- Task prompt -
Give back the data exactly, with no images.
---*---
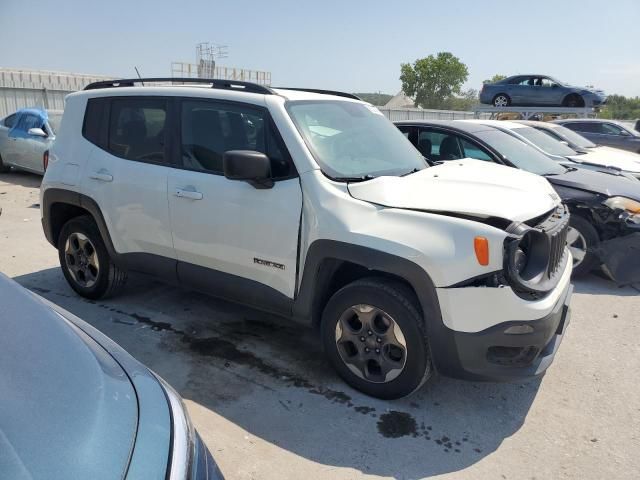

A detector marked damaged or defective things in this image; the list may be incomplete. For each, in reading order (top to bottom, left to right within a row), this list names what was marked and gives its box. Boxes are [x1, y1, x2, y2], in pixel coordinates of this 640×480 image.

crumpled hood [344, 159, 560, 223]
damaged gray car [396, 120, 640, 284]
crumpled hood [568, 149, 640, 175]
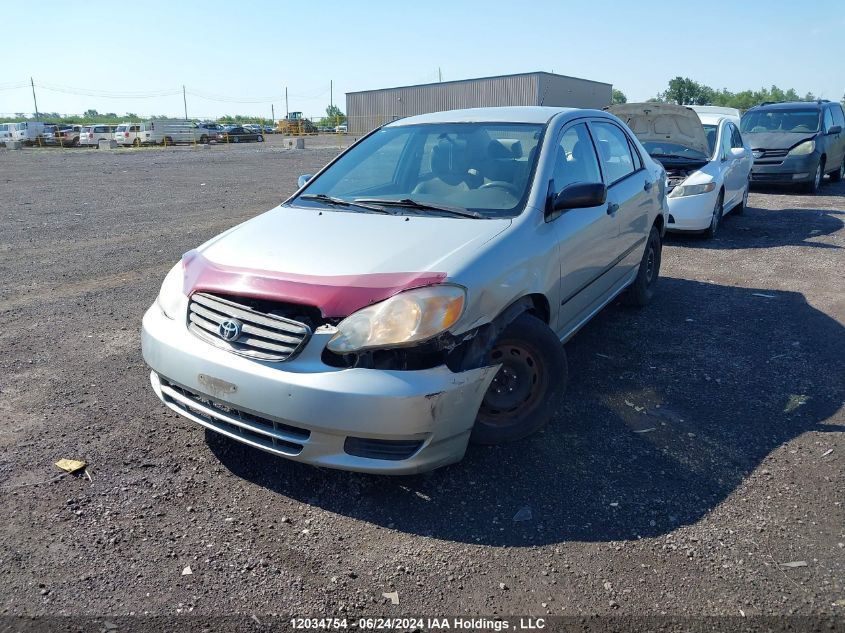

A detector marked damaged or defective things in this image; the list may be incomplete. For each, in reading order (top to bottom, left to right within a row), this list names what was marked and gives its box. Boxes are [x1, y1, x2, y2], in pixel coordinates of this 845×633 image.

damaged front bumper [142, 304, 498, 472]
broken headlight [326, 286, 464, 354]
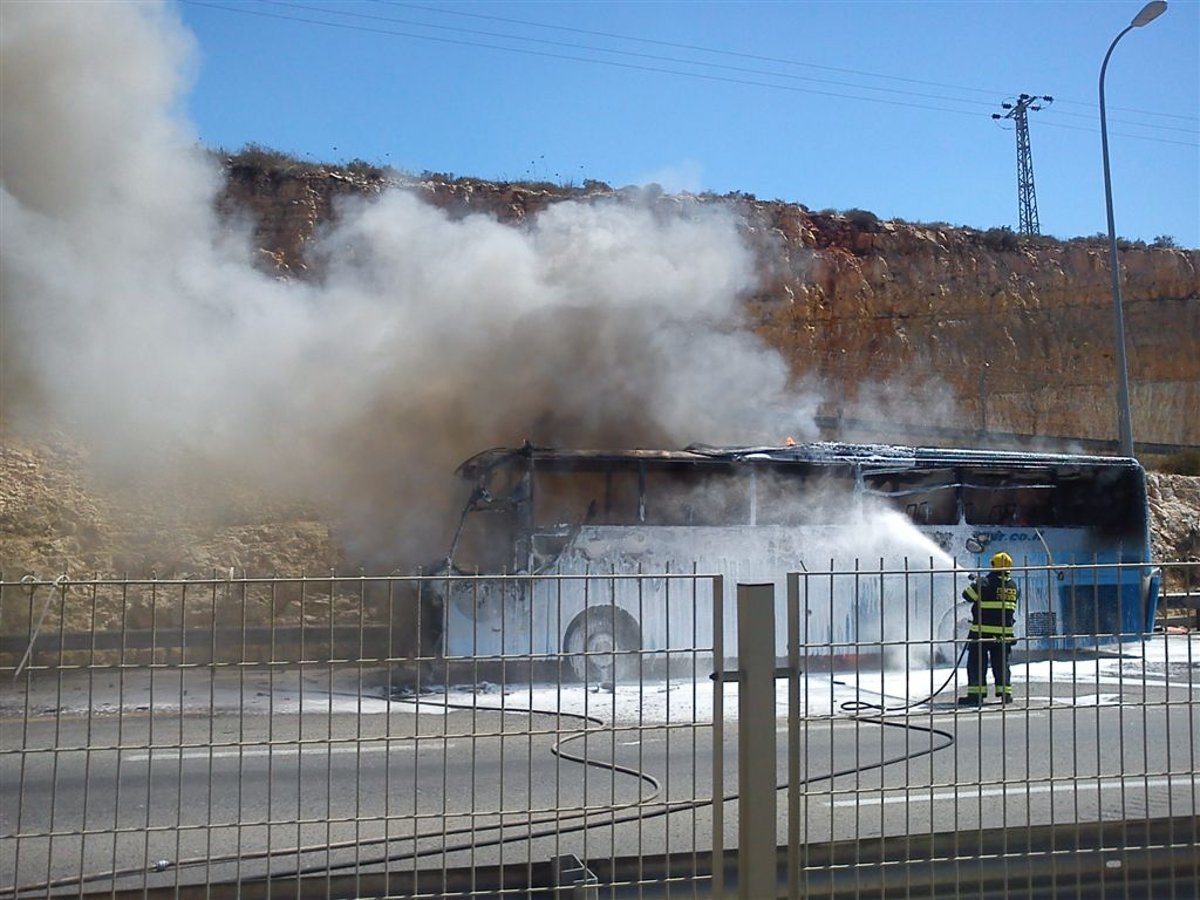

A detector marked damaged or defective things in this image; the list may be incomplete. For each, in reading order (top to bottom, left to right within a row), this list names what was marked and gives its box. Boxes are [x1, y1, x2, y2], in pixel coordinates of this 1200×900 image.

burned bus [427, 441, 1156, 681]
charred bus body [427, 444, 1156, 681]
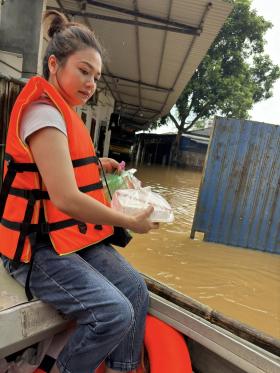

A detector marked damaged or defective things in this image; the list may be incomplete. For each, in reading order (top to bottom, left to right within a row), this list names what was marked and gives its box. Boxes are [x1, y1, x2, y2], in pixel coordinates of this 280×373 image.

rusty metal roof [47, 0, 233, 129]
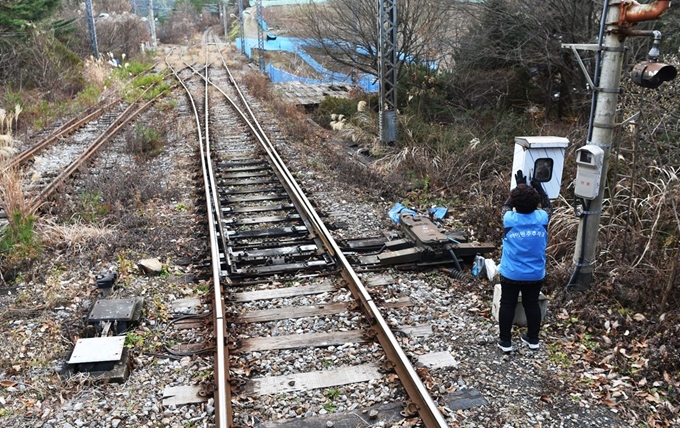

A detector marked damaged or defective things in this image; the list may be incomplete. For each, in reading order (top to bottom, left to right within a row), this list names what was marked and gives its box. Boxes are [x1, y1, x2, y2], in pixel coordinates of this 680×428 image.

rusty metal fixture [620, 0, 672, 27]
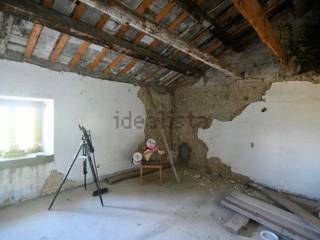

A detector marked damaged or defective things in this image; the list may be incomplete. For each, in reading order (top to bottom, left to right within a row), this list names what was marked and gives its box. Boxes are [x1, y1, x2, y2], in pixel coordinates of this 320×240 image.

damaged plaster patch [40, 170, 77, 196]
damaged plaster patch [199, 81, 320, 200]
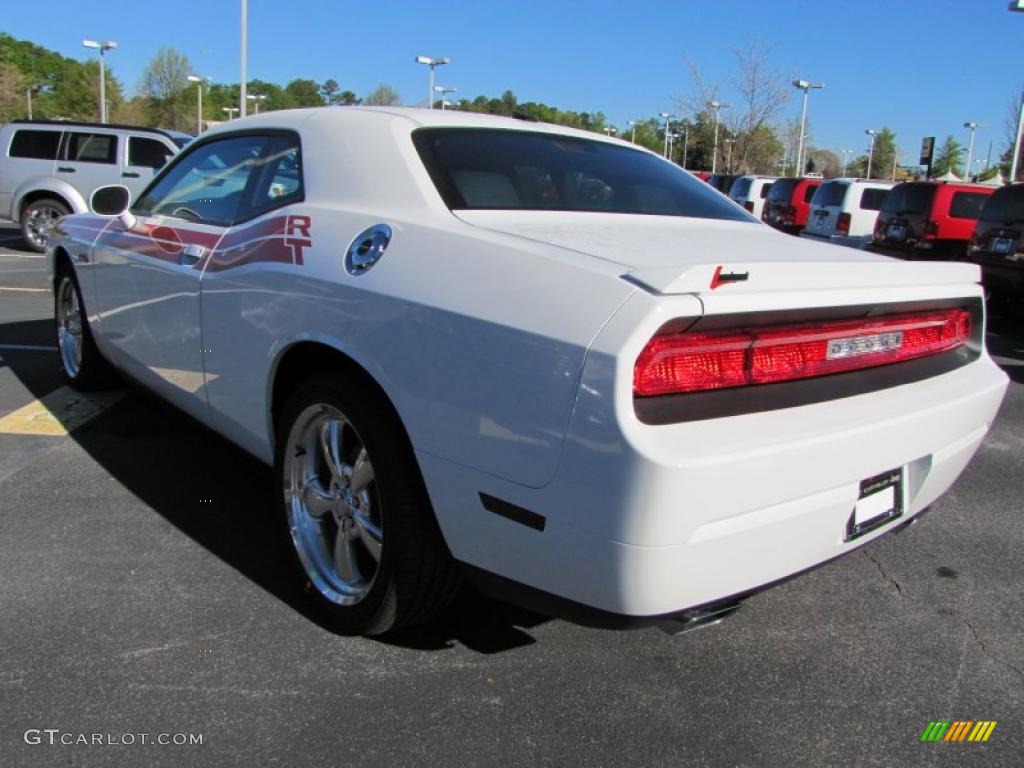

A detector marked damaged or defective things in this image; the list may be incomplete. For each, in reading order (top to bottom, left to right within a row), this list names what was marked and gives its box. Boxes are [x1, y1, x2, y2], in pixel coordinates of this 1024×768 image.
---*---
- Written response -
A detector marked damaged or defective things in this image; the list may be incomplete. For each, in reading order (top to bottom, left to right within a row), this list names what was marked and gives its box. Boxes are [x1, y1, x2, y2], in pixel coordinates of this 640×480 image.

crumpled hood [344, 159, 560, 223]
damaged gray car [396, 120, 640, 284]
crumpled hood [568, 149, 640, 175]

A detector marked damaged or defective things in this image; the list may be incomplete. For each, in reading order (top to bottom, left to right within a row), this list names what was marked and gives its box. Boxes are [x1, y1, x2, y2], in pixel coordinates of this 845×633 image.

damaged front bumper [142, 304, 498, 472]
broken headlight [326, 286, 464, 354]

A detector marked damaged or defective things in this image; the list may be incomplete. For each, in reading order (top to bottom, left to right within a row), this list names what was marked and gives its box. Boxes are [x1, y1, x2, y2], in pixel coordinates of this 1200×900 image.

burned bus [427, 441, 1156, 681]
charred bus body [427, 444, 1156, 681]

A detector marked damaged or defective things in this image; the list may be incomplete. For each, in reading order (top to bottom, left to right within a row), this list names what was marked and gives its box. Boxes are [x1, y1, x2, y2], in pixel coordinates of this 280×373 image.

rusty metal roof [47, 0, 233, 129]

A detector marked damaged or defective things in this image; the list may be incomplete. For each, in reading order (top to bottom, left to right within a row), this list names what was marked and gives its box. Boxes are [x1, y1, x2, y2], in pixel coordinates of this 680×428 image.

rusty metal fixture [620, 0, 672, 27]

A detector marked damaged or defective things in this image; the list may be incomplete. For each, in reading order (top to bottom, left to right within a row), this list names what was marked and gives its box. Boxes are [x1, y1, x2, y2], in pixel coordinates of this 320×240 image.

damaged plaster patch [40, 170, 77, 196]
damaged plaster patch [199, 81, 320, 200]

A detector marked damaged or defective things in this image; the list may be incomplete. For each, in reading order (top to bottom, left to right within a row), this list names what was marked and gives its box. Boxes are [x1, y1, x2, y2], in pixel coordinates of this 1024×768 image.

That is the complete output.